* [Exercise brief]:
Take the line containing "Tomato Kidz Loft Doll House Bed" and all lines after it, through the end of the material, and repeat them exactly, pictures left out.

* [Material provided]:
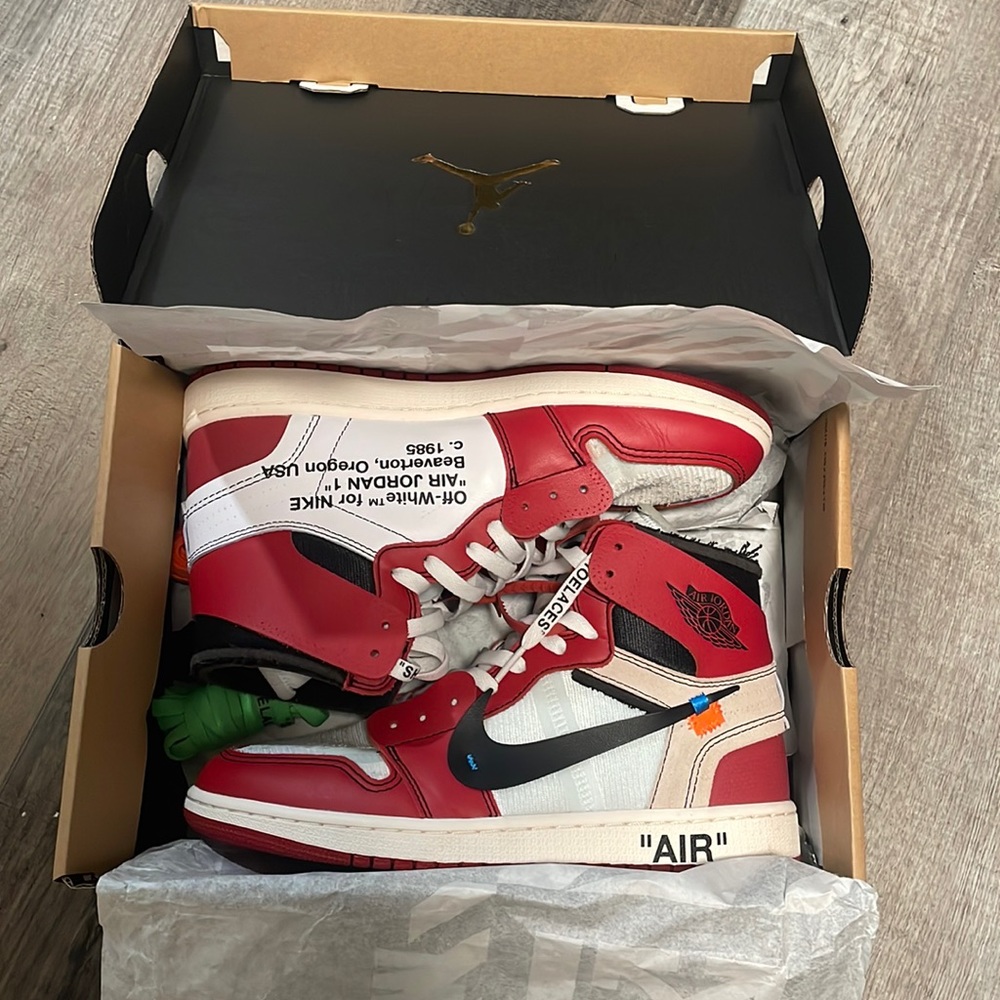 Off-White Jordan 1 Chicago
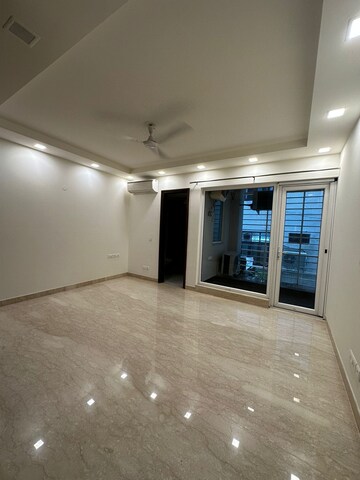 Room in 4 BHK Apartment at Veera Safdarjung Enclave, Safdarjung Enclave – for Rent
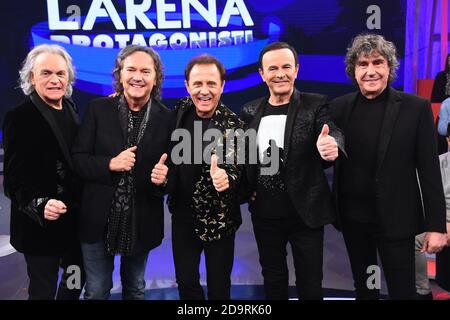 Rom, Italien. November 2020. Roma 12/04/2016 die Pooh Gäste der Show L'Arena Massimo Giletti in ihrem letzten Interview zusammen, bevor sie in Fotos Riccardo Blätter Red Canzian Roby Facchinetti Dodi Battaglia und Stefano D Orazio Foto Massimo Insabato Kredit: Unabhängige Fotoagentur/Alamy Live News Stockfoto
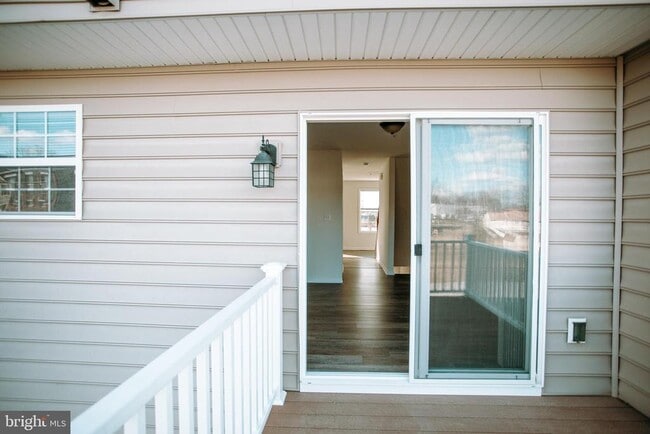 Building Photo - 10 Breezewood Dr
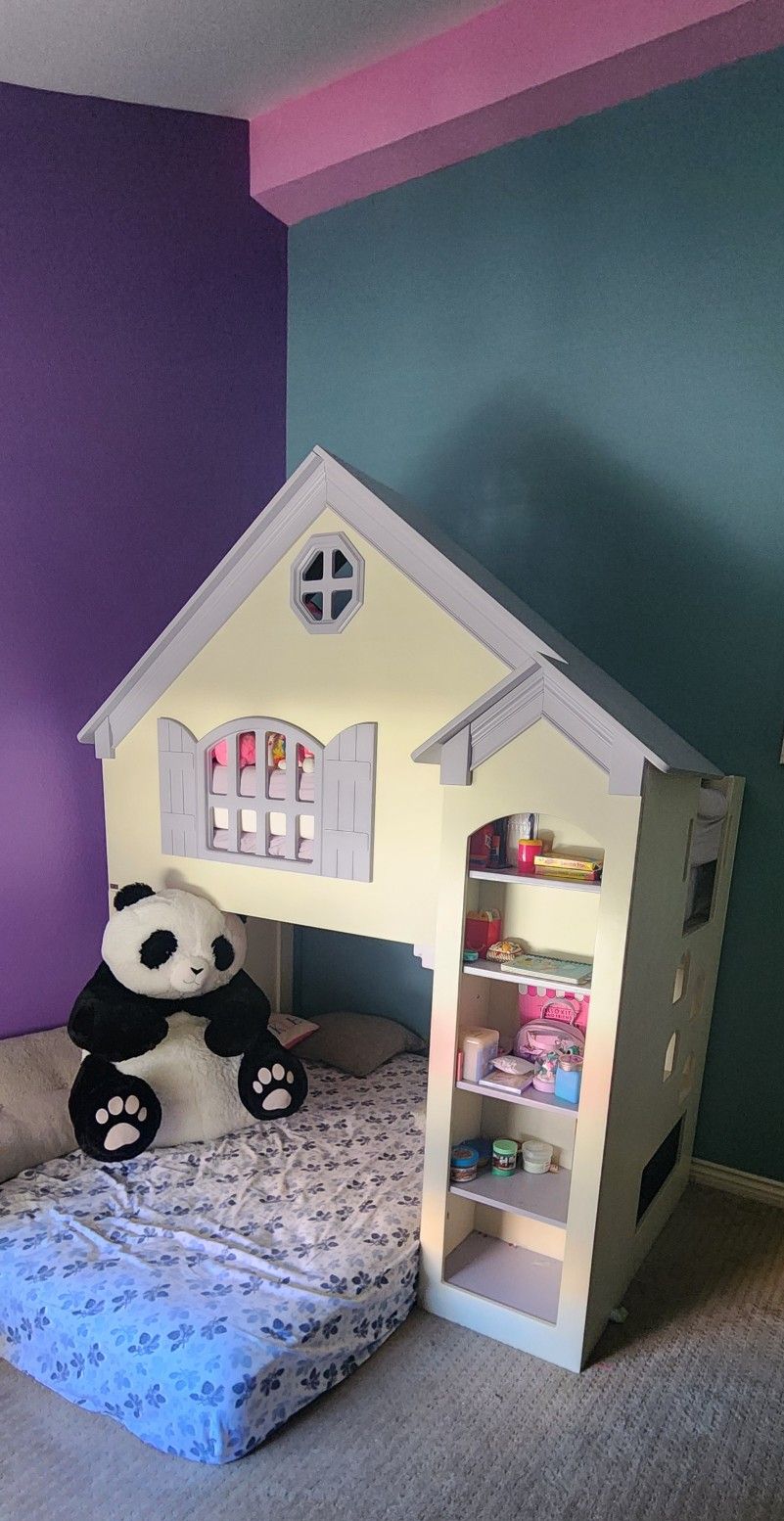 Tomato Kidz Loft Doll House Bed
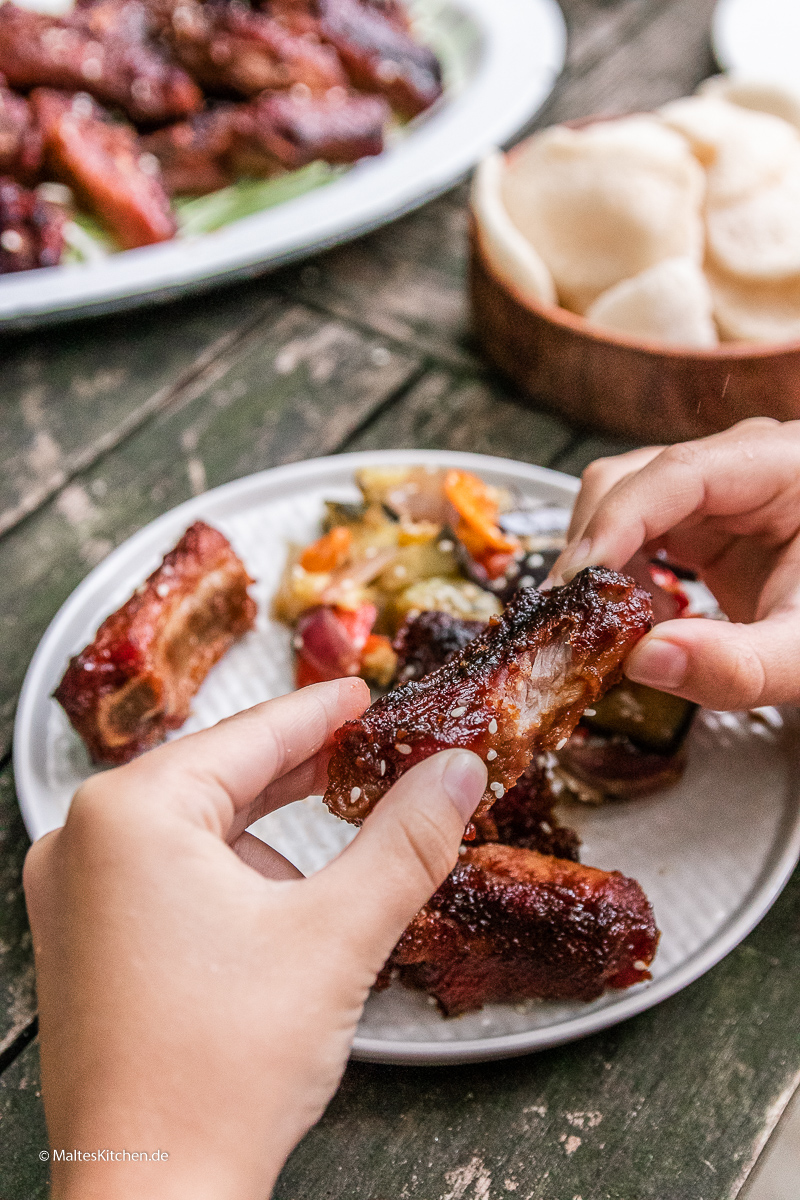Leckere chinesische BBQ-Rippchen.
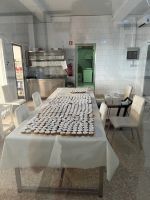 Produktion von Queijadas im Café Queijadas do Morgado, Vila Franca Do Campo, São Miguel, Azoren, Portugal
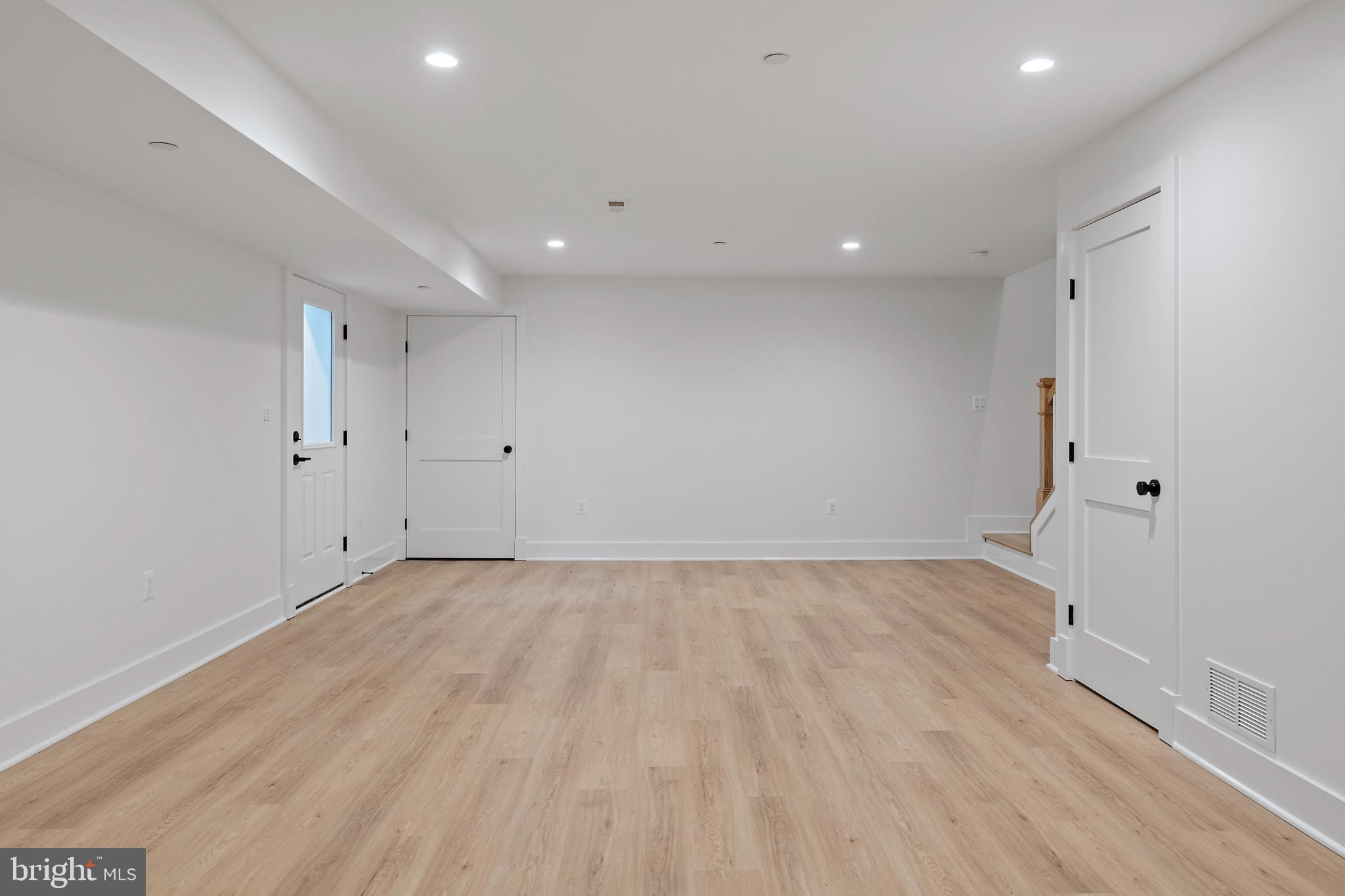 136 S HOMELAND AVENUE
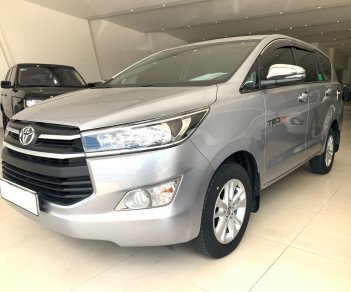 Toyota Innova E 2.0MT 2018 - Bán Toyota Innova E 2.0MT đời 2018, màu bạc, xe đẹp.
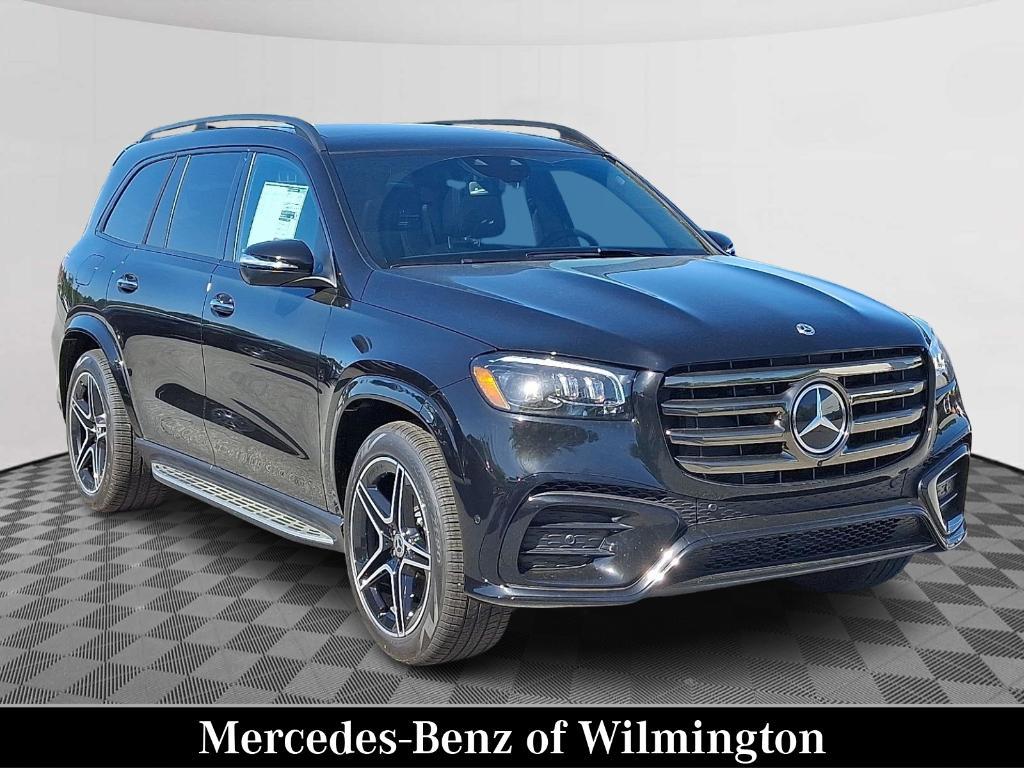 new 2025 Mercedes-Benz GLS 450 car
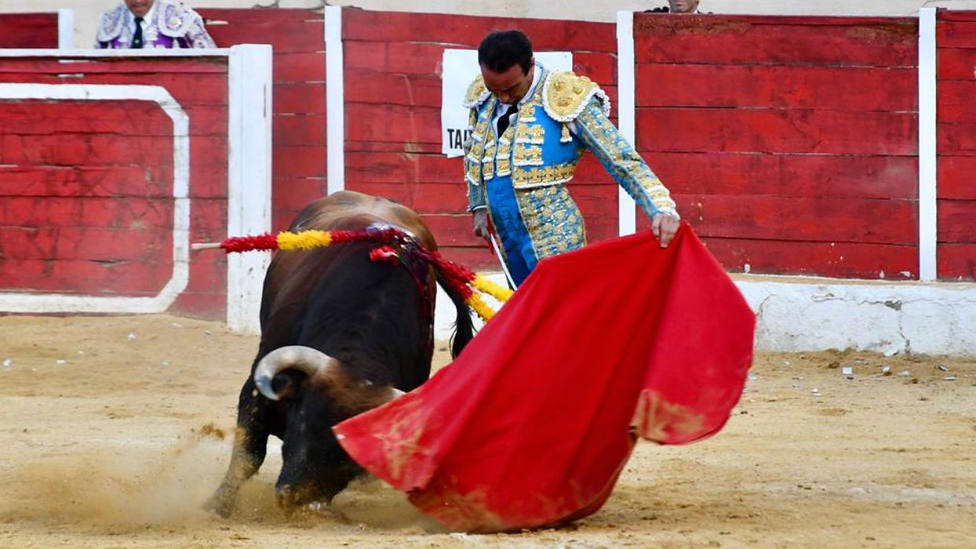Enrique Ponce durante la faena al cuarto toro de Román Sorando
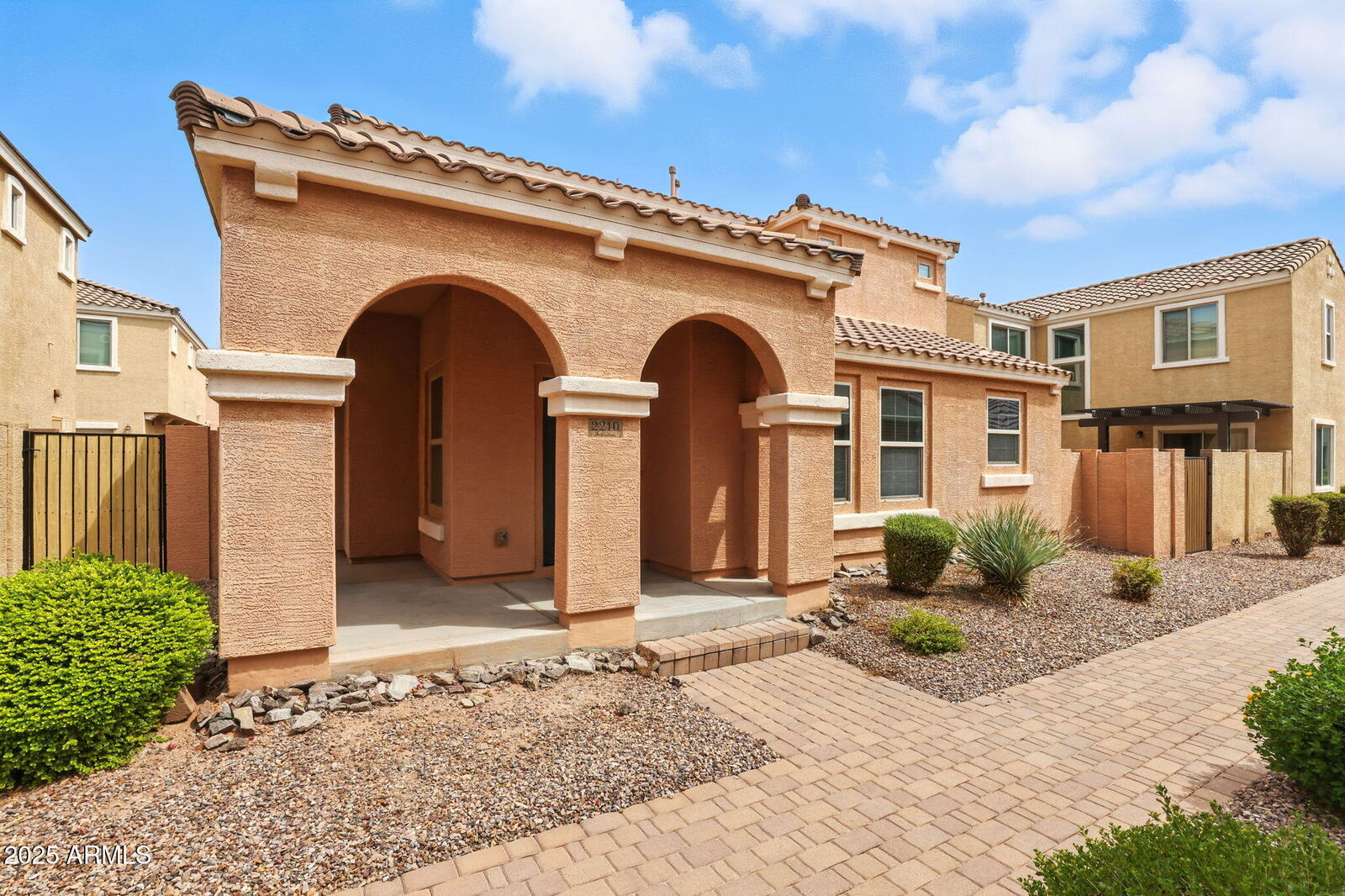 Property Photo:  2240 S Buckaroo Trail  AZ 85295 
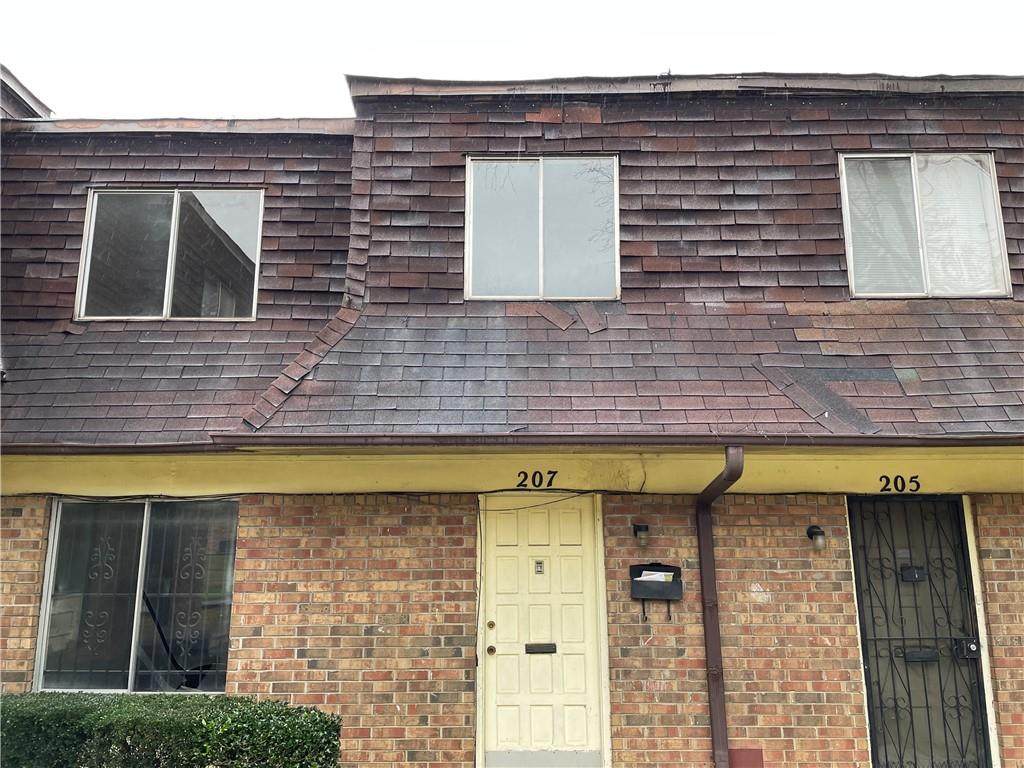 207 Peyton Place - Photo 1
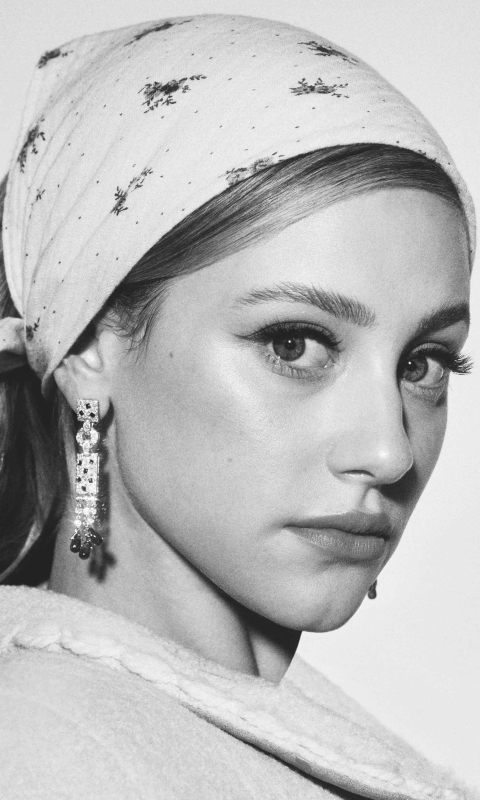 Download mobile wallpaper Face, Earrings, American, Celebrity, Black & White, Actress, Lili Reinhart for free.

* [Exercise output]:
 Tomato Kidz Loft Doll House Bed
Leckere chinesische BBQ-Rippchen.
 Produktion von Queijadas im Café Queijadas do Morgado, Vila Franca Do Campo, São Miguel, Azoren, Portugal
 136 S HOMELAND AVENUE
 Toyota Innova E 2.0MT 2018 - Bán Toyota Innova E 2.0MT đời 2018, màu bạc, xe đẹp.
 new 2025 Mercedes-Benz GLS 450 car
Enrique Ponce durante la faena al cuarto toro de Román Sorando
 Property Photo:  2240 S Buckaroo Trail  AZ 85295 
 207 Peyton Place - Photo 1
 Download mobile wallpaper Face, Earrings, American, Celebrity, Black & White, Actress, Lili Reinhart for free.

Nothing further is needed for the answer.